Emma teaches female founders about web & tech to arm them with the skills needed to build their businesses in an age where technical knowledge is synonymous with success.
For Emma, technology served as a pathway towards many roles traditionally seen as the domain of the university graduates. With 22 years experience in web and technology, Emma started her career in tech support, instead of attending university. She now drives projects in user experience and information architecture and truly proves that there are no education barriers you can’t climb in tech. As Tor Gisvold, CTO at Adarga, puts it:
‘Certain industries do have specific ways of working. But technology in many respects is a great leveler. When I worked in broadcasting, or newspapers, or gaming, or crisis management, or I was down at Burberry sorting out some of the accounting systems. The industry didn’t matter too much. The problems you faced were usually the same just with a different ‘industry packaging’. The amount of red tape and testing you had to do was the big difference between them. So, I found that going into gaming at 50 years old wasn’t a big shift in my career at all.’
In The Workplace
If changes in education and the way we represent technology are the fuse, the workplace has the be the match.
According to the McKinsey Women in the Workplace 2018 study, the underrepresentation of women in senior management cannot be explained by attrition as for every 100 Men promoted to a management position, only 79 women are promoted to managers.
This has been a trend for the lifetime of the study – that’s a total of 12 years without any noticeable change.
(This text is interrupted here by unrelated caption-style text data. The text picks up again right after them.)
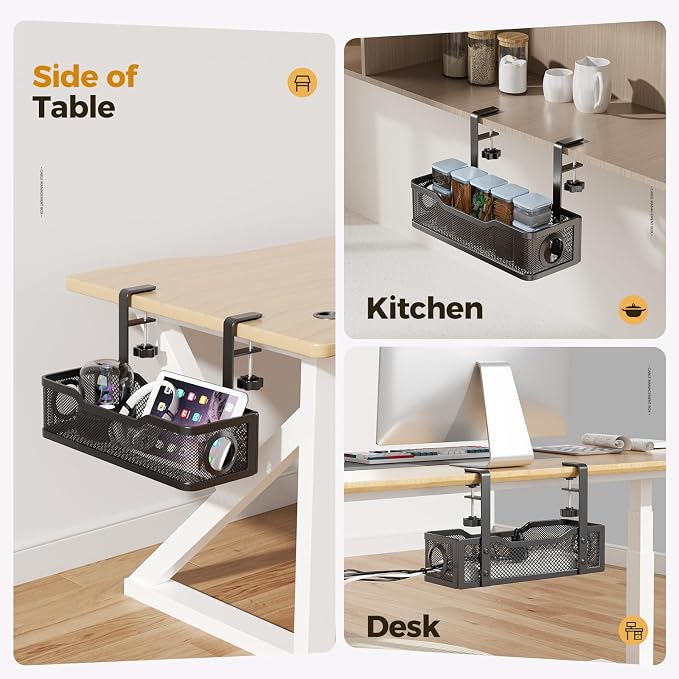 4 Pack Under Desk Cable Management Box Black, Cinati 53.6" Wire Organizers No - Image 7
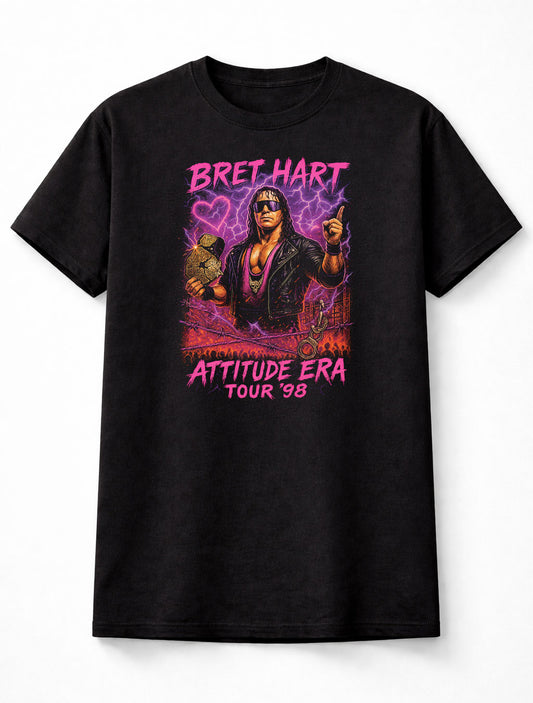 Bret “The Hitman” Hart – The Excellence of Execution Attitude Era Tour ’98 Adults & Kids Unisex T-Shirt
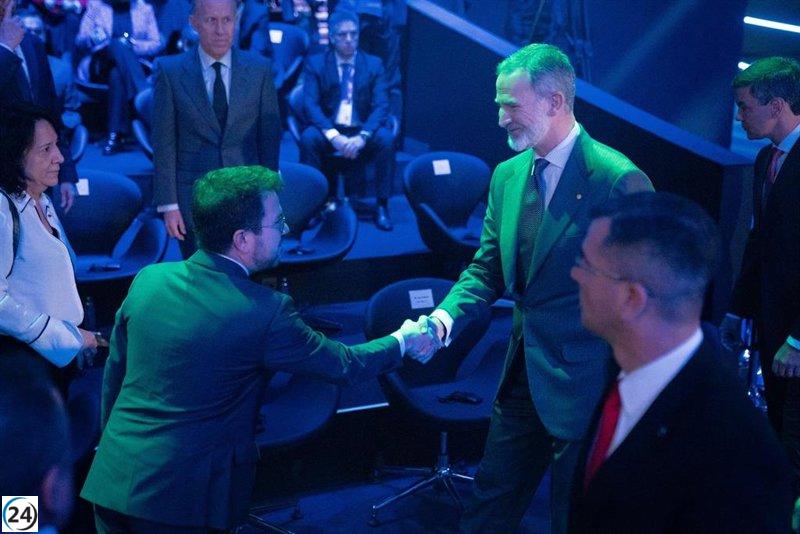 El MWC 2024 abre con la presencia del Rey, Sánchez y Aragonès.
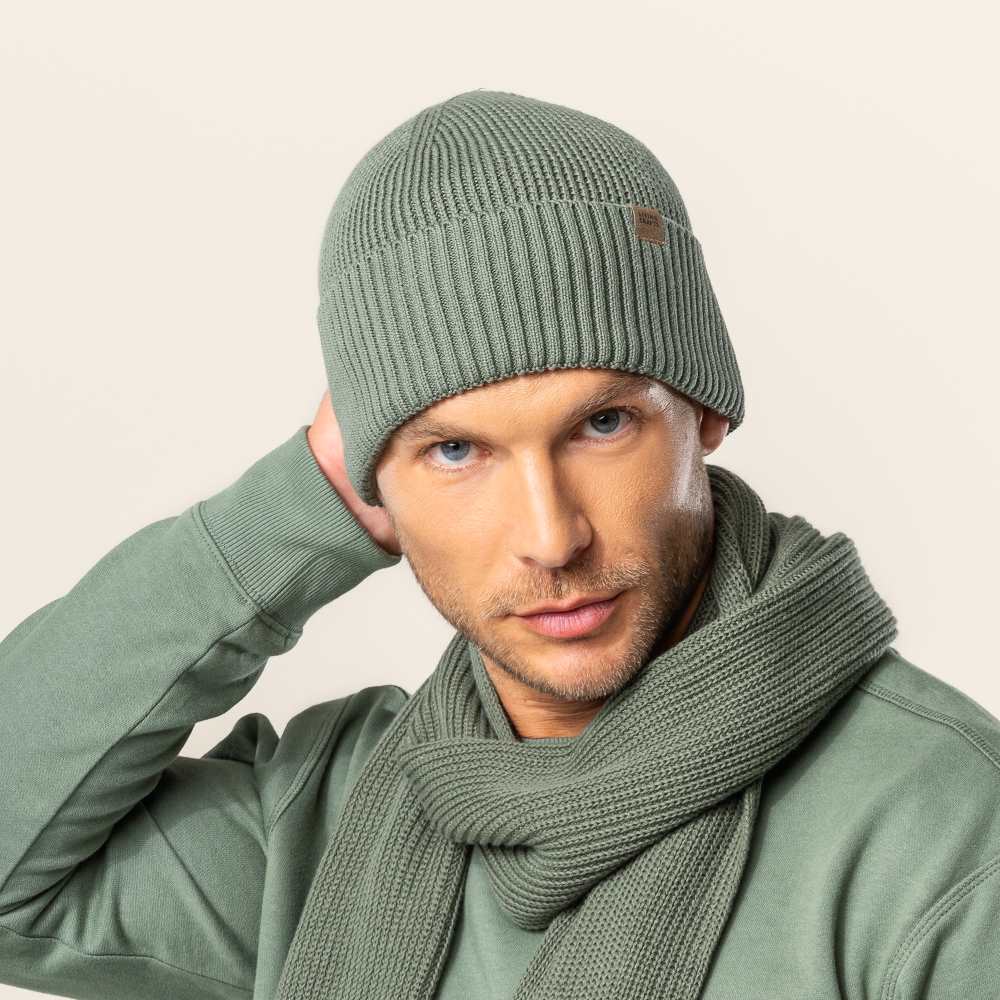 100% Organic Cotton beanie hat in meadow green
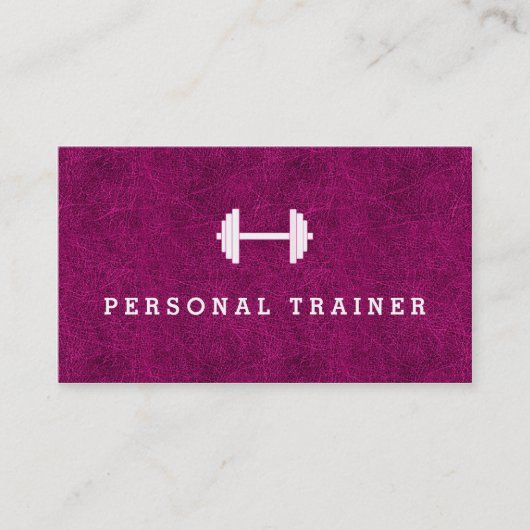 ピンクのパーソナルトレーナーのフィットネスの名刺 名刺 (正面)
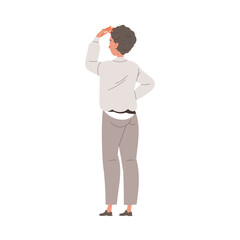 Back View of Standing Man Scratching Head Looking at Something Vector Illustration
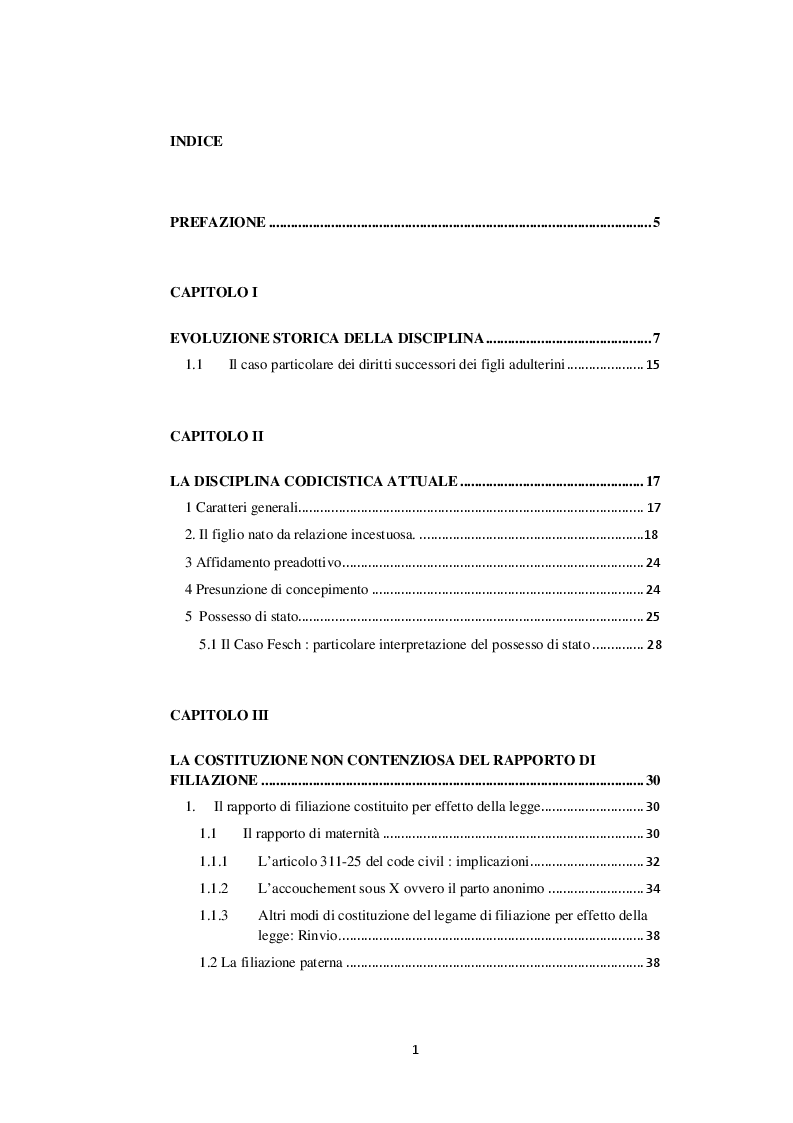 Indice della tesi: La filiazione nel diritto francese, Pagina 1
Melanie Yencken is UX Design Lead at Google and founder of LondonTechLadies, a community of tech specialists focuses on empowering people to develop the skills needed to change their own work situation.
Melanie believes that although there is no silver bullet for diversification, something needs to be done to kickstart change.
“ What is clear is that there are not enough role models in these leadership teams for diversification to be happening naturally. ”
Through a mix of roundtables, seminars and guest speakers, Melanie and LondonTechLadies is helping to ease the ‘Imposter Syndrome’ that can so often be a nasty bi-product of being a minority in a large team.
But institutions like LondonTechLadies are tipping the scales towards equality through education, collaboration and communication.
“ What matters most is that I continue capturing the stories of women who are changing their own fortunes in the workplace”
And at the highest level, policy makers are starting to not just listen to Debbie and the Tech Talent Charter, but invite them in to drive true, meaningful change that will set the pace for companies large and small to follow.
It’s in this perfect storm of grass-roots, community based empowerment and high level policy disruption we find the answers.
As Debbie puts it herself:
“Nothing is utterly broken. And nothing is completely fixed. We have all the pieces of the puzzle. We just need to start putting the pieces together…
And If we fix it, we fix it for all of us.”
Debbie, Tor, Rosemary and Melanie were speaking to Venturi on the Venturi’s Voice podcast.